Cavalcanti left Santa in July 2010, and was named América-RN head coach on 13 September. Despite failing to avoid relegation, he remained in charge of the club until the following March, when he was dismissed.

Cavalcanti subsequently managed Central, Icasa, Ypiranga-PE and Luverdense in the following two years, winning the Campeonato Mato-Grossense with the latter. Ahead of the 2013 season, he was appointed Mogi Mirim head coach, taking the club to the semifinals of the year's Campeonato Paulista and being named the best head coach of the tournament.

On 6 May 2013, Cavalcanti was named head coach of Paraná. On 13 December, he was appointed head coach of state rivals Coritiba for the 2014 campaign, but was sacked the following 31 March after being knocked out of the Campeonato Paranaense.

On 13 April 2014, Cavalcanti took over Ponte Preta in the place of departing Vadão, but was relieved from his duties on 21 July. On 12 August, he was named in charge of first club Náutico, leading the club to a 13th position in the Série B.

On 2 December 2014, Cavalcanti was announced as the new head coach of fellow second division side Ceará, being fired the following 12 February with only nine games in charge. Late in the month, he took over Paysandu; he won the 2016 Campeonato Paraense and the 2016 Copa Verde, but was sacked on 7 June 2016.
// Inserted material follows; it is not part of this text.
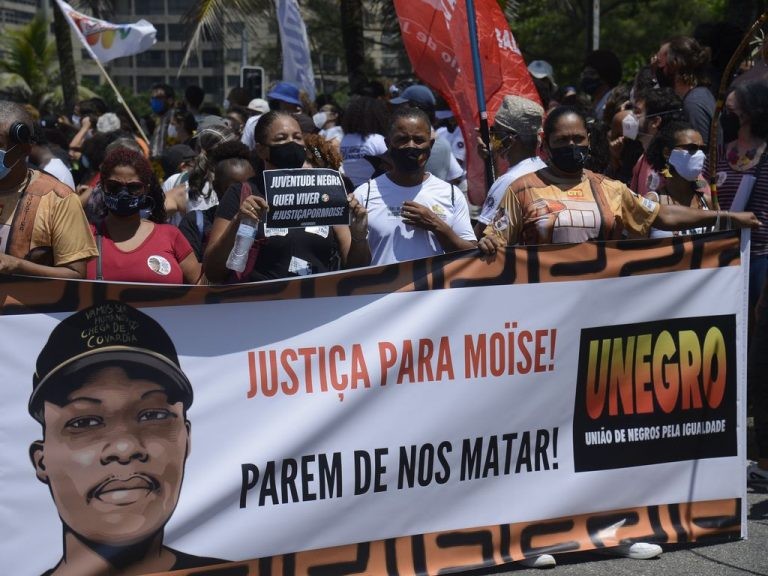 Ato em memória do congolês Moïse Kabagambe realizado no Rio de Janeiro - (Foto: Tomaz Silva/Agência Brasil)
On 1 August 2016, however, Cavalcanti was again appointed head coach of Paysandu, remaining in charge of the club until the end of the campaign. On 2 December he was named at the helm of Náutico, but left the club on 16 February of the following year. He subsequently managed CRB, only lasting three months in charge.

Cavalcanti returned to Paysandu on 13 February 2018, but was sacked on 12 July. On 17 October, he returned to Paraná, with the club seriously threatened with relegation.

Cavalcanti was sacked from Paraná on 2 April 2019, and was subsequently named head coach of Bahia's under-23 squad late in the month. He left the club in the following April to take over Ferroviária, but was sacked on 1 October.

On 26 October 2020, shortly after being dismissed by Ferroviária, Cavalcanti returned to Bahia as a youth football coordinator. On 21 December, he was named first team head coach after the departure of Mano Menezes.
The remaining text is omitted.